(Records for the task begins)

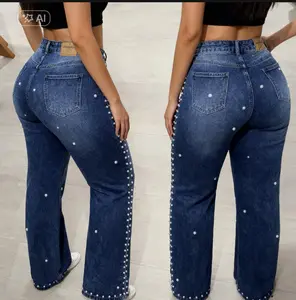 : Jeans Denim Premium Azul Claro con Detalle de Perlas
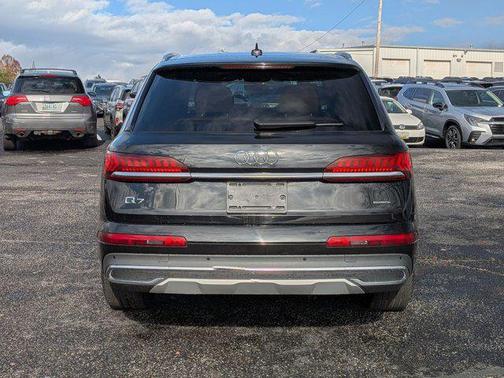 2023 Audi Q7 45 Premium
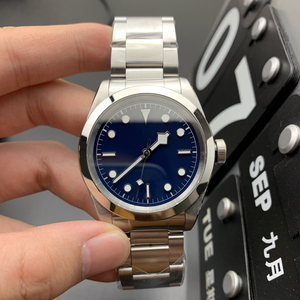 Reloj de Lujo para Hombre, Diseño Clásico con Esfera Negra, Manecillas y Escala Luminosas, Estilo Simple - Product Image 3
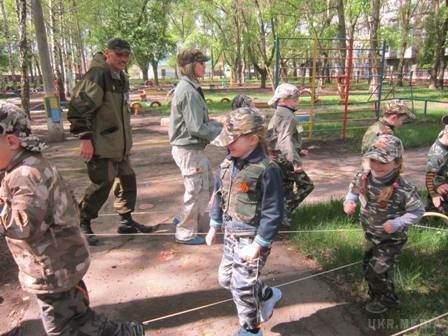 У Горлівці дошкільнят одягли в камуфляж з нашивками «Беркут» (фоторепортаж). 5 травня в окупованому місті Горлівка на базі дошкільного закладу № 91 «Орлятко» провели військово-патріотичну гру, приурочена до 70-річчя Перемоги». 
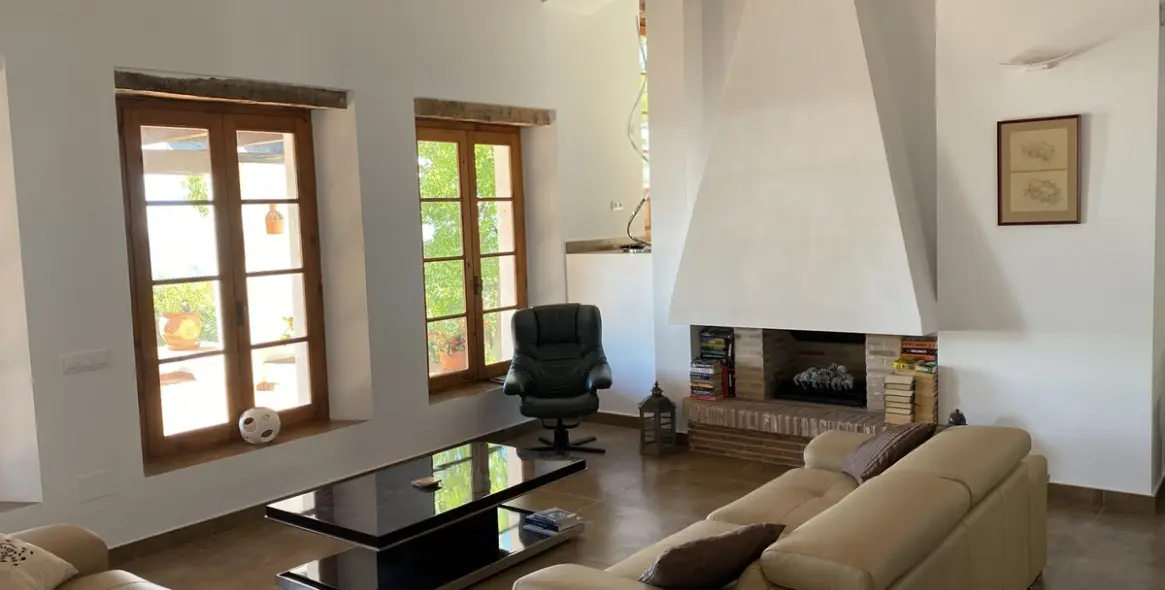 Продажа  отдельно стоящей виллы в Mijas 8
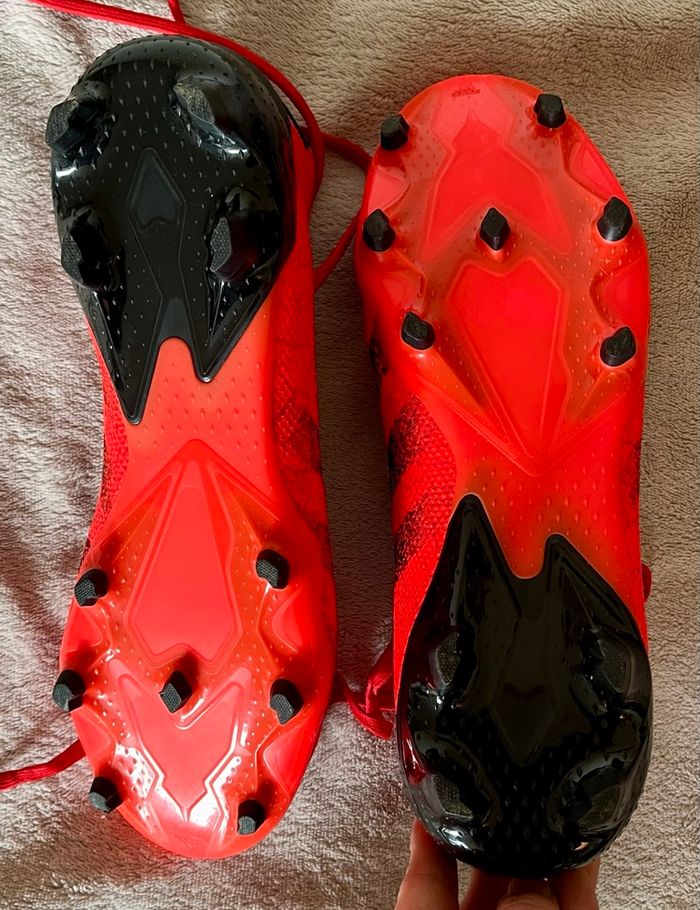 Crampons Adidas Predator taille 42 + Protège-tibias Adidas Tiro - Comme neufs - photo numéro 4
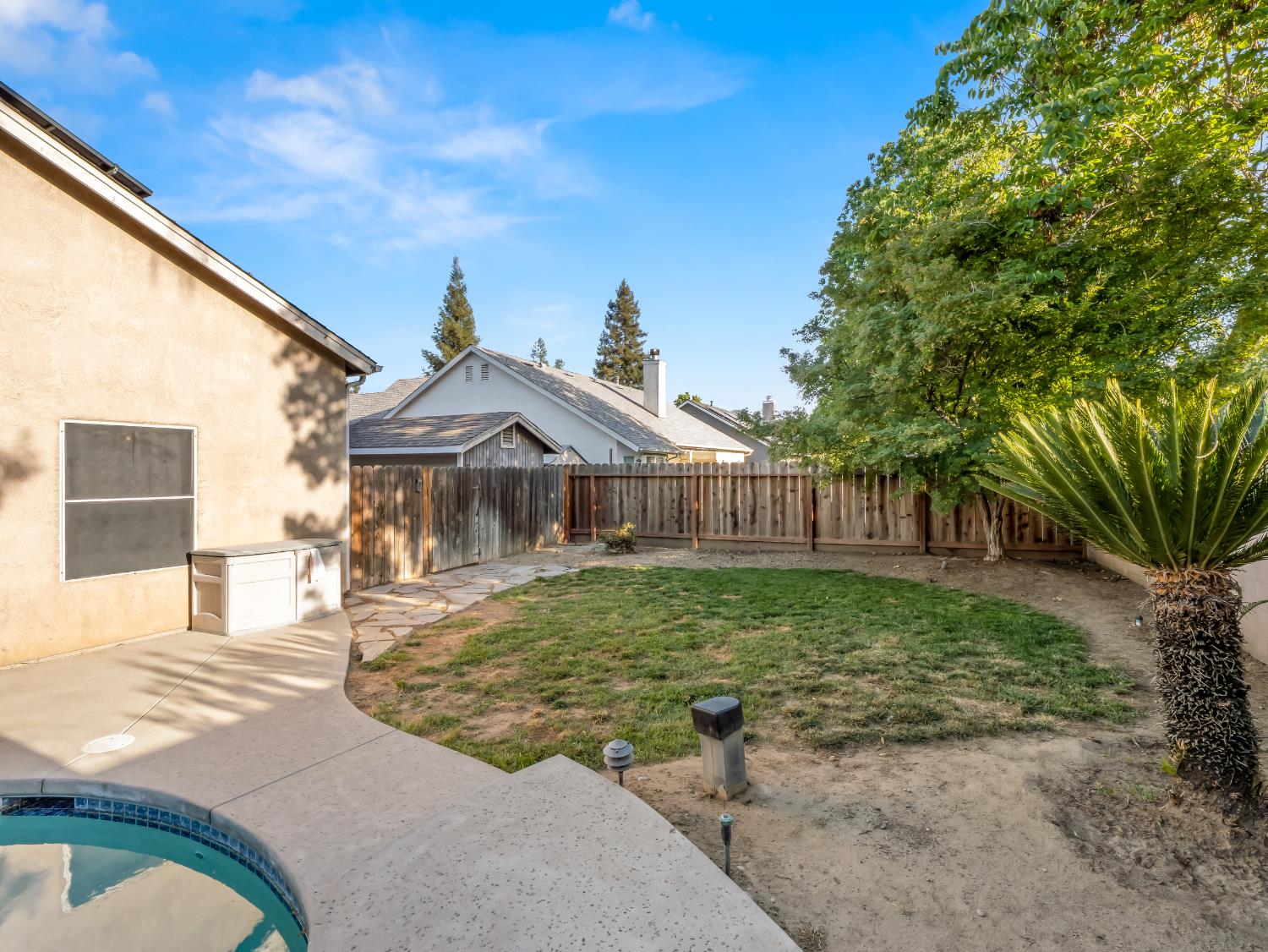 852 N Cherry Ln, Clovis, CA 93611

(Records for the task ends)

Which lines run from the one containing "У Горлівці дошкільнят" through the last line of the entries above? Output them exactly, both ends included, with no pictures.

 У Горлівці дошкільнят одягли в камуфляж з нашивками «Беркут» (фоторепортаж). 5 травня в окупованому місті Горлівка на базі дошкільного закладу № 91 «Орлятко» провели військово-патріотичну гру, приурочена до 70-річчя Перемоги». 
 Продажа  отдельно стоящей виллы в Mijas 8
 Crampons Adidas Predator taille 42 + Protège-tibias Adidas Tiro - Comme neufs - photo numéro 4
 852 N Cherry Ln, Clovis, CA 93611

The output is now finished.